• [Supplied information]:

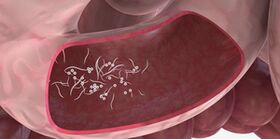 Het gebruik van drieling om parasieten te verwijderen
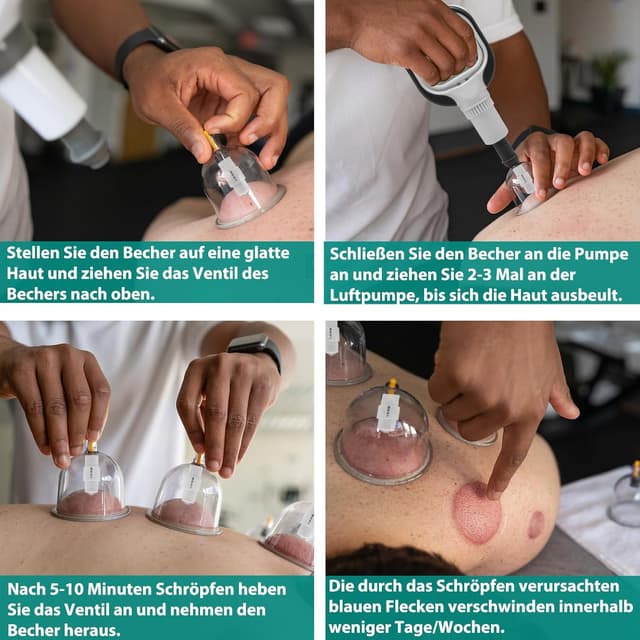 Thumbnail 2 de 24 Stück Schröpfgläser mit Vakuumpumpe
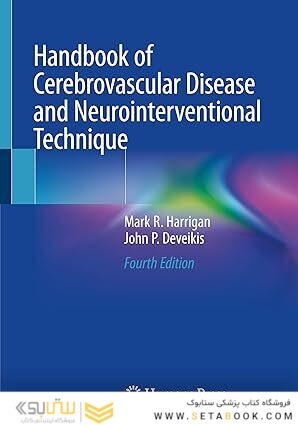 Handbook of Cerebrovascular Disease and Neurointerventional Technique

• [Task prompt]:
Everything in the listing above must be retyped exactly, except for the pictures.

• [Response box]:
 Het gebruik van drieling om parasieten te verwijderen
 Thumbnail 2 de 24 Stück Schröpfgläser mit Vakuumpumpe
 Handbook of Cerebrovascular Disease and Neurointerventional Technique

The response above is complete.